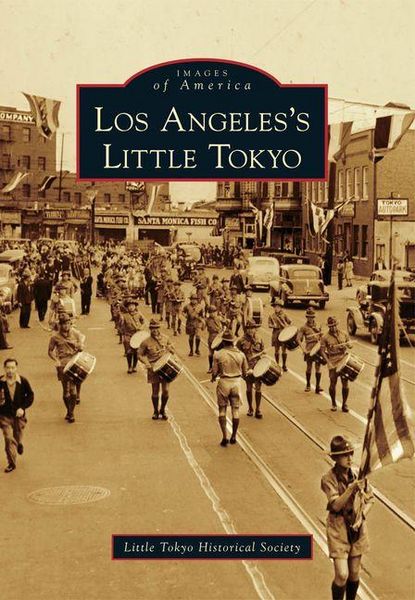 Produktbild: Los Angeles's Little Tokyo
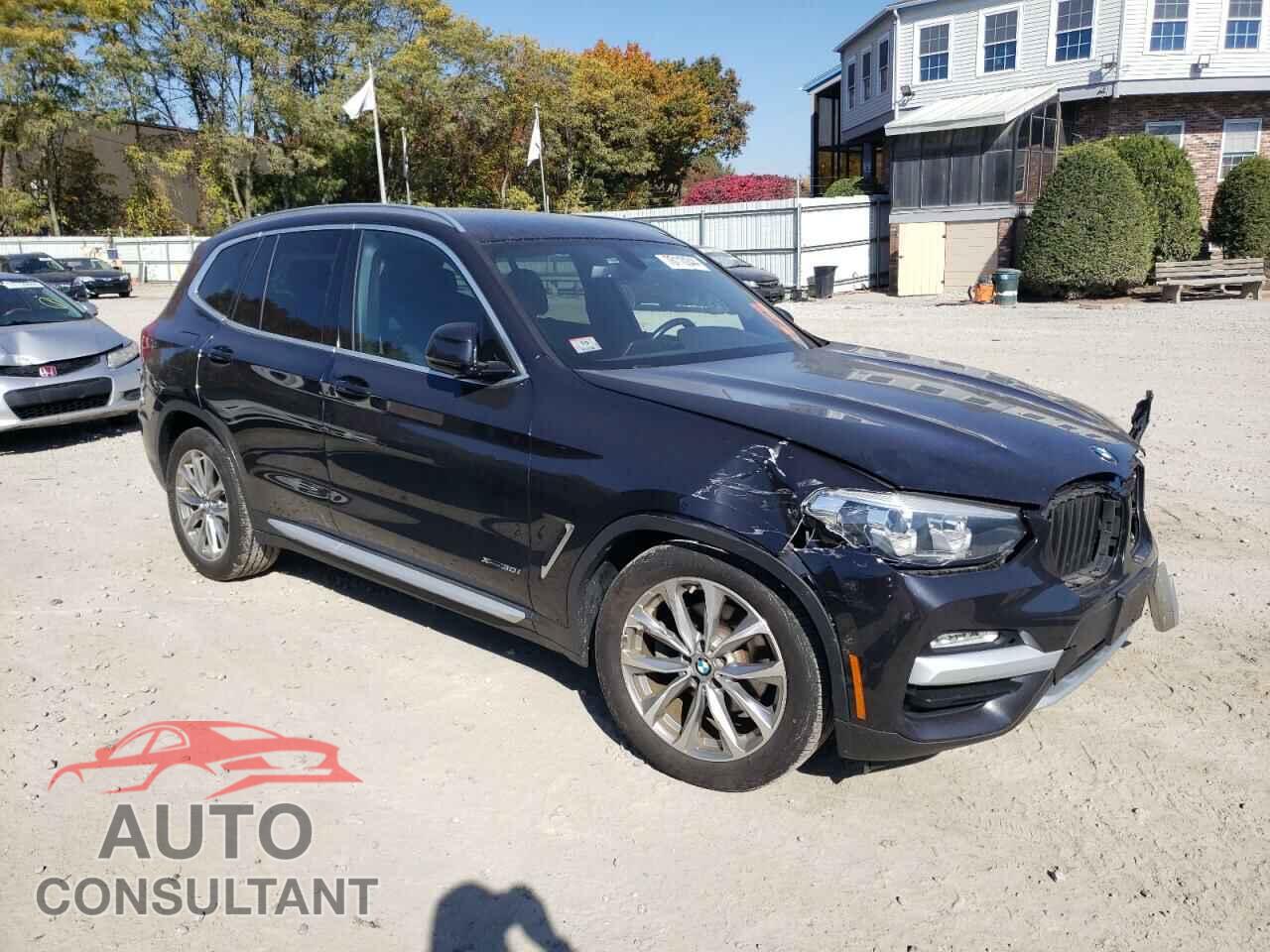 BMW X3 2018 - 5UXTR9C52JLD59883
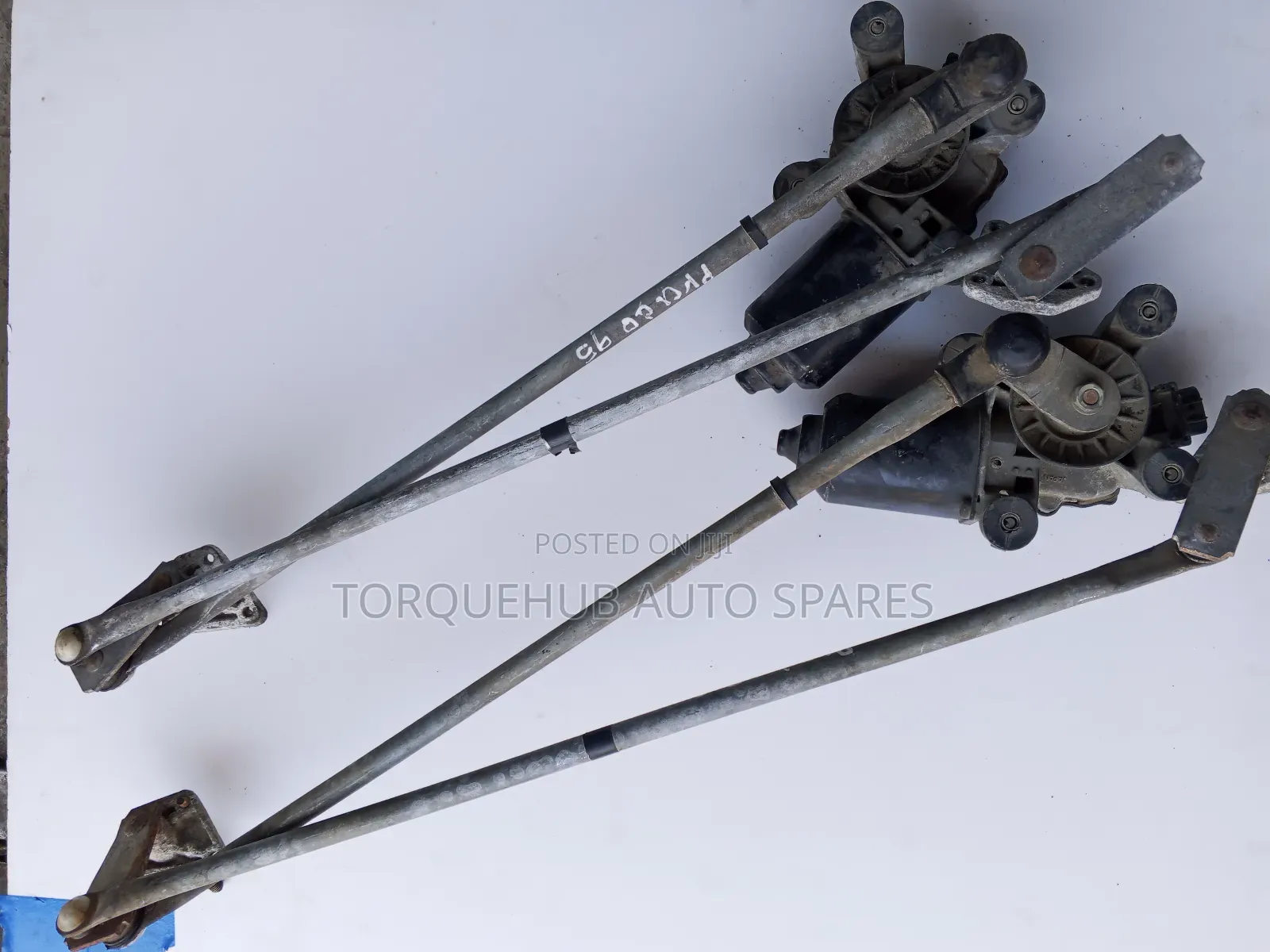 Toyota Prado 95 Complete Wiper Motor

------------

* _EXERCISE DESCRIPTION_:
Minus its pictures, the full listing should be copied verbatim.

* _OUTPUT BELOW_:
 Produktbild: Los Angeles's Little Tokyo
 BMW X3 2018 - 5UXTR9C52JLD59883
 Toyota Prado 95 Complete Wiper Motor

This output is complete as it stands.